Soybean futures bounced back above $14 a bushel after the US made a surprise cut to its soybean harvest estimate, but wheat struggled after a downgrade in the export forecast to a 51-year low.
Chicago soybean futures for November leaped 2.7% to $14.14 a bushel in the immediate aftermath of the US Department of Agriculture’s benchmark monthly Wasde report on world crop supply and demand, before easing back to $13.98 a bushel, up 1.6% on the day.
The gain reflected a cut of 65m bushels to 4.31bn bushels (117.4m tonnes) in the USDA’s forecast for the domestic soybean harvest this year, contrasting with expectations of a small upgrade.

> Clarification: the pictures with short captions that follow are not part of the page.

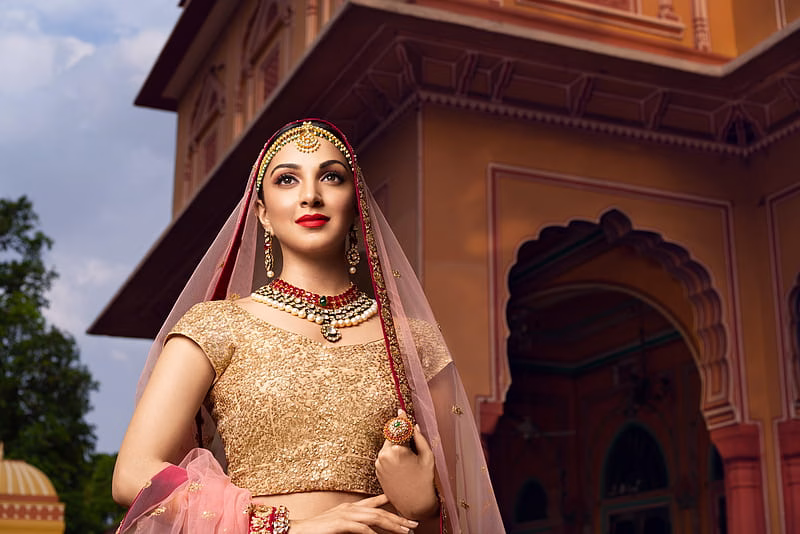 HD-wallpaper-kiara-advani-2019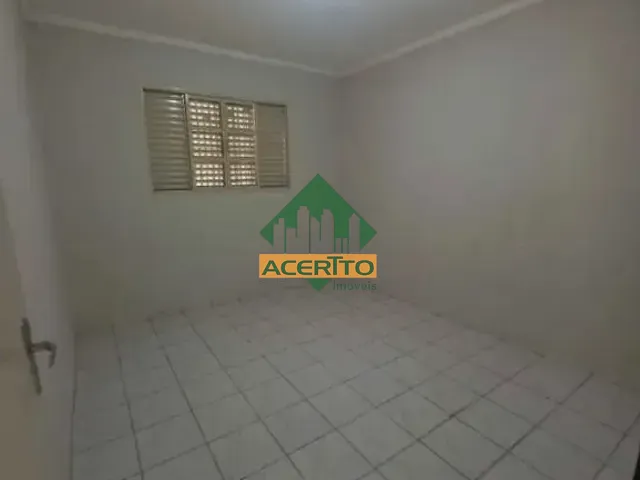 Apartamento com 50m² 2 quartos e 1 banheiro, à venda, no bairro Conjunto Habitacional Doutor Antônio Villela Silva em Araçatuba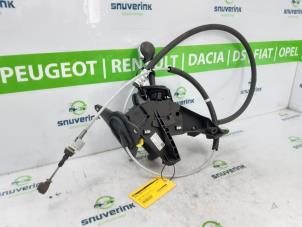 Gebruikte Versnellingspook Renault Twingo III (AH) ZE R80 Prijs € 89,98 Margeregeling aangeboden door Snuverink Autodemontage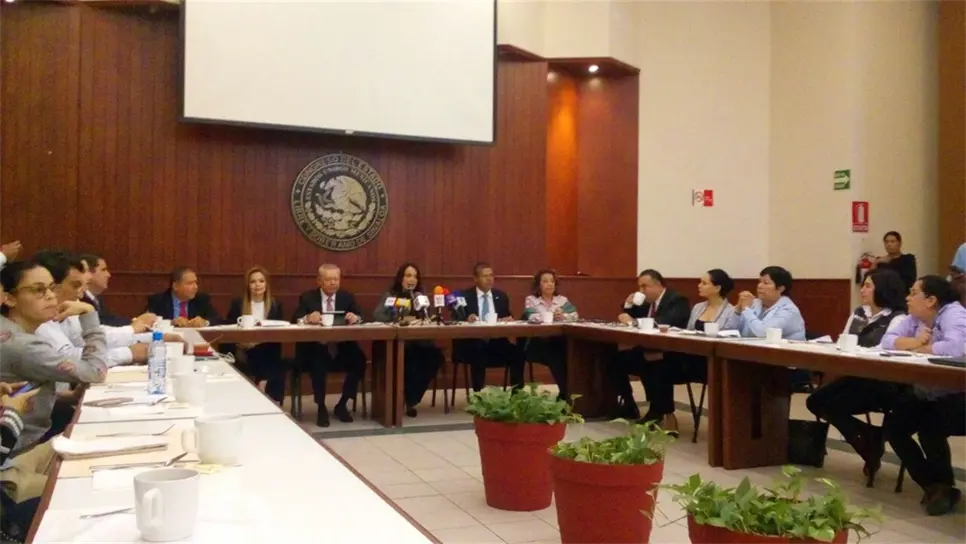 Conmemorarán con Letras Doradas Centenario de la Constitución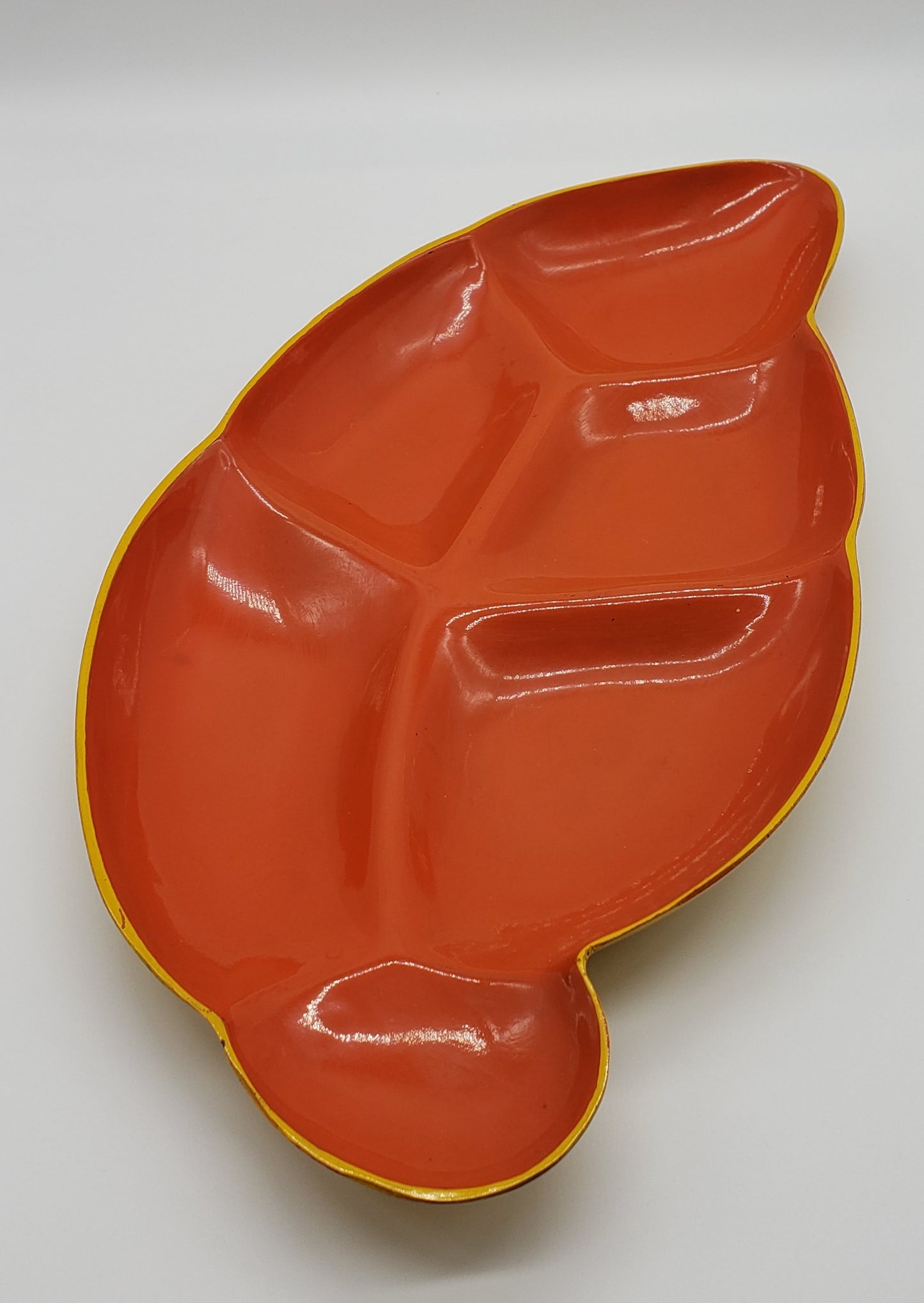 Melamine Leaf divided nut tray by Flamingo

The USDA – rather than executing a marginal upgrade to its yield estimate, as resilient crop condition had indicated – downgraded the figure to a three-year low of 49.8 bushels per acre, citing results of surveys in top growing states including Illinois, Indiana, Iowa and Minnesota.
“The October objective yield data for the combined 11 major soybean-producing states indicate a lower pod count compared with the previous year,” with Nebraska showing the steepest decline, the USDA said.
The harvest downgrade was in part offset by a cut of 40m bushels to 2.05bn bushels in the USDA’s forecast for US soybean exports in 2022-23, also a three-year low, thanks to “increased competition from South America”.
Nonetheless, the US stocks estimate for the close of the season, held at 200m bushels (5.45m tonnes), came in well below the 248m-bushel number that investors had expected.
Inventories at that level would represent the lowest since 2015-16.
‘Uncompetitive export prices’
For wheat, however, a cut to the 2022-23 US export forecast of 50m bushels to 775m bushels – the lowest since 1971-72 – proved less palatable to investors.
Chicago wheat futures for December stood 1.4% lower at $8.87 ¾ a bushel in late trading, back below their 20-day moving average.
The export downgrade – “on reduced supplies, slow pace of export sales, and continued uncompetitive US export prices” – overshadowed a cut of 34m bushels to 576m bushels in the forecast for US wheat inventories at the close of this season – the lowest in 15 years.
The stocks estimate factored in the downgrade to this year’s US wheat estimate as revealed two weeks ago.
Of wheat quotes in major exporting countries, US supplies “experienced the largest jump” over the past month, of $67 per tonne, buoyed by the harvest downgrade, the USDA said.
Canadian prices rose by $33 per tonne and European Union ones, by $25 per tonne, with Russian values adding $14 per tonne.
‘Raised freight rates’
Corn futures stood 0.2% lower at $6.91 ¾ a bushel in late deals, weighed in part by the decline in wheat prices.
However, prices were also pressured by a lower-than-expected downgrade, of 48m bushels, in the forecast for US stocks at the close of this season, even though this left the stocks figure at a nine-year low of 1.17bn bushels (29.8m tonnes).
While the estimate for this year’s US harvest was cut by 49m bushels, close to market expectations, the export forecast was downgraded too, by 125m bushels to 2.15bn bushels, the weakest since 2015-16.
The export revision reflected “smaller supplies and slow early-season demand”, the USDA said, noting too that “low water levels in the Mississippi River have hampered grain deliveries and raised freight rates”.
While US corn bids were up $12 per tonne month on month at $337 per tonne, and Argentine ones up $20 for the month, Brazilian offers were unchanged at $294 per tonne.
The USDA highlighted that “Brazil corn exports were record high in August and September volumes were the third largest on record”.